We also had plans for a sort of starmap overview for planning out routes. Although we had planned for that to be sprawling and something the player would have to pan around as they explored, a small FTL style pick-a-node-and-arrive-there implementation that fit within 64x64px felt achievable and would give some space in which comms encounters that lead to combat (or not) could occur. Unfortunately some unexpected SDL behaviour meant that the node connections aren't being rendered at the expected virtual pixel size (as you can see in the screenshot below). After wrestling with that for a lot longer than I should have, I was able to get what's up there now together with two minutes to spare \o/




What Next!?!

Working on Hidden Star has been really enjoyable. I've learned a lot and I love the foundation we've set here. There are broader features such as dynamic economies and reputation systems that I think we'd still like to pursue, and there's the story to flesh out and explore as well.

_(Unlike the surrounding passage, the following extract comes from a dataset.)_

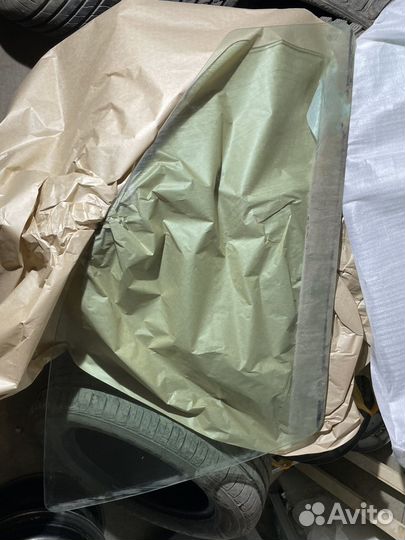 Передние боковые стекла калина 1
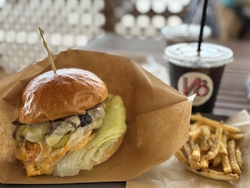 オープン10分...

Part of me would like to be able to continue putting the amount of time into this game that I have been, but I think I need to take a break from it to make sure that I have room for Winter's Wake/Icicle development alongside contract work.


I definitely plan to keep working on the project, but it's probably going to be reduced to writing and doing a sprite or painting a week for now, and most of the forward progress on features in the short term is likely to come from Nemoder.


I hope the prototype is of interest and that my ramblings here have been insightful :)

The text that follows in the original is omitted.